## REQUIRED ACTION
With the line that contains "Representative image (Reuters" as the final line, return every line from the start of the data below exactly.
- Opening Delimiter -
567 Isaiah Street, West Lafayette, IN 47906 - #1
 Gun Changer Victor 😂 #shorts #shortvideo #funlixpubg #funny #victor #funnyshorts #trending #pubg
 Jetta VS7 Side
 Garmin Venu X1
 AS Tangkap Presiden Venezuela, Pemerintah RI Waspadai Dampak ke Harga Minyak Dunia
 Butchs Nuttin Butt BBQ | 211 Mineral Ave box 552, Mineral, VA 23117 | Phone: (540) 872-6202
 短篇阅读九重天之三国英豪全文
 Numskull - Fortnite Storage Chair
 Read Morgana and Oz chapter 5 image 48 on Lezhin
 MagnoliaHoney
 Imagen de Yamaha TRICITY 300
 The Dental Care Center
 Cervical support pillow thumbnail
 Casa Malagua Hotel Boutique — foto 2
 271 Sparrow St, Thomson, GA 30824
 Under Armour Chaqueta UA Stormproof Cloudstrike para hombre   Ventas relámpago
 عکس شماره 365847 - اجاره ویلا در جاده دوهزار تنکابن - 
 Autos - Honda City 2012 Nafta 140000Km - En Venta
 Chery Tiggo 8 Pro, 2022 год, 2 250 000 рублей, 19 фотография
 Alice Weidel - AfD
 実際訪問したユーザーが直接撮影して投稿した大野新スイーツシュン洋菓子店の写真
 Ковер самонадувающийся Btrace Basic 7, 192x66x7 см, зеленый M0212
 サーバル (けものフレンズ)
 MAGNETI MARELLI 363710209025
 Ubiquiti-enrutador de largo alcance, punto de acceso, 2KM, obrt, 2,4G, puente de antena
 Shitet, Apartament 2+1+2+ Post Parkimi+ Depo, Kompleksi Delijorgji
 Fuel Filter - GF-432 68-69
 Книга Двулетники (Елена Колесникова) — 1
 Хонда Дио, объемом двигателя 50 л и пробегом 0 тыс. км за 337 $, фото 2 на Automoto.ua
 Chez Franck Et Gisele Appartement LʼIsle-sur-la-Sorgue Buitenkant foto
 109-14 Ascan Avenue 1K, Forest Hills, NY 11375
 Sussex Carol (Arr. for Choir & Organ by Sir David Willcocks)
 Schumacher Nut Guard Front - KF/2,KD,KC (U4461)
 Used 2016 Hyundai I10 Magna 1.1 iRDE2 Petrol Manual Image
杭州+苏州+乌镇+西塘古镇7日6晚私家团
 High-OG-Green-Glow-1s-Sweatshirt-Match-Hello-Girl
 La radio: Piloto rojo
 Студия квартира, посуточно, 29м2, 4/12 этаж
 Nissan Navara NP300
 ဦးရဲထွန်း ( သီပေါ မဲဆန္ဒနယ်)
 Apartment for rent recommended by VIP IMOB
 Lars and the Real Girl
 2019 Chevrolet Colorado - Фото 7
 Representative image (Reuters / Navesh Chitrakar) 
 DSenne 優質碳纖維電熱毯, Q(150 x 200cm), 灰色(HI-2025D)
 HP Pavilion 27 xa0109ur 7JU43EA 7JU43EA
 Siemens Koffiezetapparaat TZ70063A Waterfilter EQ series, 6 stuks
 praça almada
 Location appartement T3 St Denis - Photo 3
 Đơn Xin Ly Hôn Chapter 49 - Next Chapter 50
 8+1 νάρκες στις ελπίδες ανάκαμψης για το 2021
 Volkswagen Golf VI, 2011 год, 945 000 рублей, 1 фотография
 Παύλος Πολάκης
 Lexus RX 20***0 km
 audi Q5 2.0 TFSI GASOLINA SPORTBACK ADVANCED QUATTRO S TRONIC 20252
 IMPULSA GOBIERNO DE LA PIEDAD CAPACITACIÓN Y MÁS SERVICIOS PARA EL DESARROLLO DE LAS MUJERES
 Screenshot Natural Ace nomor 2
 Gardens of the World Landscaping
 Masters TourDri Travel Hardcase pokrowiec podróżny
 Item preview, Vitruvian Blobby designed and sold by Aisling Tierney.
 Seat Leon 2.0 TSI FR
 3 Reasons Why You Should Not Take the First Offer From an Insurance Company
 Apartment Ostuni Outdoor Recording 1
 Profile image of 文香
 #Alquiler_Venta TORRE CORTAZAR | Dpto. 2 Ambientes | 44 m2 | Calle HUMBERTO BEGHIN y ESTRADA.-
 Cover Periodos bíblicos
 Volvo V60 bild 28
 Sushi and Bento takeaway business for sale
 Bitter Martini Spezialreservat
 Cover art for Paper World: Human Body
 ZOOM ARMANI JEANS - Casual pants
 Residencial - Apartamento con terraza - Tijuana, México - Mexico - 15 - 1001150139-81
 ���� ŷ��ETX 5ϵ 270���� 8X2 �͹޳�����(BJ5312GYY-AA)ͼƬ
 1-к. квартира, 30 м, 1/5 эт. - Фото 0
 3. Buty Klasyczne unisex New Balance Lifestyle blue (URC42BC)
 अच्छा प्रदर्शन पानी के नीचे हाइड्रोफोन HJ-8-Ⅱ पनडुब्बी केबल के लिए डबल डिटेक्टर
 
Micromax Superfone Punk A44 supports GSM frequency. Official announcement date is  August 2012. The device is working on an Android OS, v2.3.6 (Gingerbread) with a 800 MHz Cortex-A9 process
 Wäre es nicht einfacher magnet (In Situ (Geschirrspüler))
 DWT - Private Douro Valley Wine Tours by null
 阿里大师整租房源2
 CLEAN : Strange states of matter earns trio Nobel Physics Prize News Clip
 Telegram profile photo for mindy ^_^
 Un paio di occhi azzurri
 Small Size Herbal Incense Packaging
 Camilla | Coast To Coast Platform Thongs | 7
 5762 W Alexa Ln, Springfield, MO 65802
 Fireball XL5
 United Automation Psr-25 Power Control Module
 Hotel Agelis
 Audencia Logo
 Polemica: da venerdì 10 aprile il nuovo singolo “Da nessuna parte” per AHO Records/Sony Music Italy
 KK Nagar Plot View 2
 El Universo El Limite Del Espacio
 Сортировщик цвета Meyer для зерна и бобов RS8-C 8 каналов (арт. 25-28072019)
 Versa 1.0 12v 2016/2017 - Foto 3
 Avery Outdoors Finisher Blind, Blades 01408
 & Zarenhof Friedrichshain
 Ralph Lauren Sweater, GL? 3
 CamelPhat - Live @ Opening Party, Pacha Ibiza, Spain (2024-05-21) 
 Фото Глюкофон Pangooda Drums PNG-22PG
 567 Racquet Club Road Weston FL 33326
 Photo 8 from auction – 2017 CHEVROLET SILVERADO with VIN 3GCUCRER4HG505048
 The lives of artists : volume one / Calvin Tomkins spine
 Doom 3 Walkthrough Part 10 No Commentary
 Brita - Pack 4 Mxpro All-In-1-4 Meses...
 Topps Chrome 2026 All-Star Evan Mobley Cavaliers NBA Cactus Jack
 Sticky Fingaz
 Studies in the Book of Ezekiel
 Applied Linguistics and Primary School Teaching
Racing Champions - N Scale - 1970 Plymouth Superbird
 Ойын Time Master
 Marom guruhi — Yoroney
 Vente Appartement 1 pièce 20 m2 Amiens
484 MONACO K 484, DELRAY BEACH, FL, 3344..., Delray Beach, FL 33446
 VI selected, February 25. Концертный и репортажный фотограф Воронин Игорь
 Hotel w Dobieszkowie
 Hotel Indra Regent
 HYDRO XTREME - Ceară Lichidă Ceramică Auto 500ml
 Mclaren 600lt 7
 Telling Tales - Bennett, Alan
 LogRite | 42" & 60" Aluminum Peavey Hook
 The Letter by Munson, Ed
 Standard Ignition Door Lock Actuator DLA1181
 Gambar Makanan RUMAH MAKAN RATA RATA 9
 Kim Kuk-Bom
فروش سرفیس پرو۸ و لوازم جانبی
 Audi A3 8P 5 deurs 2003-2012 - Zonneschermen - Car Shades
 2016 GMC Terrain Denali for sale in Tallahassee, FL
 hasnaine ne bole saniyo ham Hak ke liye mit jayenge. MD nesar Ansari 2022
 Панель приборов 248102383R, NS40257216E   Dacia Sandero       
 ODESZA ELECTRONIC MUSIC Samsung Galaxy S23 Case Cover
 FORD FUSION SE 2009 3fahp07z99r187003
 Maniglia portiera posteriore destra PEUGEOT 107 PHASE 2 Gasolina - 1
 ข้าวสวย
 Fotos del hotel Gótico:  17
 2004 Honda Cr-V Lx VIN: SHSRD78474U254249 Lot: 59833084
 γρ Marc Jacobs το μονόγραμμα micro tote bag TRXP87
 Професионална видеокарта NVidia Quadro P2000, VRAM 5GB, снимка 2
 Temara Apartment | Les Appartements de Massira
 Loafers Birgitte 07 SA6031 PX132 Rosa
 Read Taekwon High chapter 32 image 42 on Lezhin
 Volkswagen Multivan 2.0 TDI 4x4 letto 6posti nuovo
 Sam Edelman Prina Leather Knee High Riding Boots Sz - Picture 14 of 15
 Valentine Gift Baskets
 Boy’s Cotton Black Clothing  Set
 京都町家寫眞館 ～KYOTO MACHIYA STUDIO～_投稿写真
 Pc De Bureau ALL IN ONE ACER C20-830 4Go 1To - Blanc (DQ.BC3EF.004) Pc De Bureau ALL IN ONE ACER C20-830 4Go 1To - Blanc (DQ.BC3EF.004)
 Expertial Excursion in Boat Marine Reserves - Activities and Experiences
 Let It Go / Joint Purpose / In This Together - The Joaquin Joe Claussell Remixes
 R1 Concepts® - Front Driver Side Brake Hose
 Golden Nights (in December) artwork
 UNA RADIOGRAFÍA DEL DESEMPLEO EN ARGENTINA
- Closing Delimiter -
## ANSWER
567 Isaiah Street, West Lafayette, IN 47906 - #1
 Gun Changer Victor 😂 #shorts #shortvideo #funlixpubg #funny #victor #funnyshorts #trending #pubg
 Jetta VS7 Side
 Garmin Venu X1
 AS Tangkap Presiden Venezuela, Pemerintah RI Waspadai Dampak ke Harga Minyak Dunia
 Butchs Nuttin Butt BBQ | 211 Mineral Ave box 552, Mineral, VA 23117 | Phone: (540) 872-6202
 短篇阅读九重天之三国英豪全文
 Numskull - Fortnite Storage Chair
 Read Morgana and Oz chapter 5 image 48 on Lezhin
 MagnoliaHoney
 Imagen de Yamaha TRICITY 300
 The Dental Care Center
 Cervical support pillow thumbnail
 Casa Malagua Hotel Boutique — foto 2
 271 Sparrow St, Thomson, GA 30824
 Under Armour Chaqueta UA Stormproof Cloudstrike para hombre   Ventas relámpago
 عکس شماره 365847 - اجاره ویلا در جاده دوهزار تنکابن - 
 Autos - Honda City 2012 Nafta 140000Km - En Venta
 Chery Tiggo 8 Pro, 2022 год, 2 250 000 рублей, 19 фотография
 Alice Weidel - AfD
 実際訪問したユーザーが直接撮影して投稿した大野新スイーツシュン洋菓子店の写真
 Ковер самонадувающийся Btrace Basic 7, 192x66x7 см, зеленый M0212
 サーバル (けものフレンズ)
 MAGNETI MARELLI 363710209025
 Ubiquiti-enrutador de largo alcance, punto de acceso, 2KM, obrt, 2,4G, puente de antena
 Shitet, Apartament 2+1+2+ Post Parkimi+ Depo, Kompleksi Delijorgji
 Fuel Filter - GF-432 68-69
 Книга Двулетники (Елена Колесникова) — 1
 Хонда Дио, объемом двигателя 50 л и пробегом 0 тыс. км за 337 $, фото 2 на Automoto.ua
 Chez Franck Et Gisele Appartement LʼIsle-sur-la-Sorgue Buitenkant foto
 109-14 Ascan Avenue 1K, Forest Hills, NY 11375
 Sussex Carol (Arr. for Choir & Organ by Sir David Willcocks)
 Schumacher Nut Guard Front - KF/2,KD,KC (U4461)
 Used 2016 Hyundai I10 Magna 1.1 iRDE2 Petrol Manual Image
杭州+苏州+乌镇+西塘古镇7日6晚私家团
 High-OG-Green-Glow-1s-Sweatshirt-Match-Hello-Girl
 La radio: Piloto rojo
 Студия квартира, посуточно, 29м2, 4/12 этаж
 Nissan Navara NP300
 ဦးရဲထွန်း ( သီပေါ မဲဆန္ဒနယ်)
 Apartment for rent recommended by VIP IMOB
 Lars and the Real Girl
 2019 Chevrolet Colorado - Фото 7
 Representative image (Reuters / Navesh Chitrakar) 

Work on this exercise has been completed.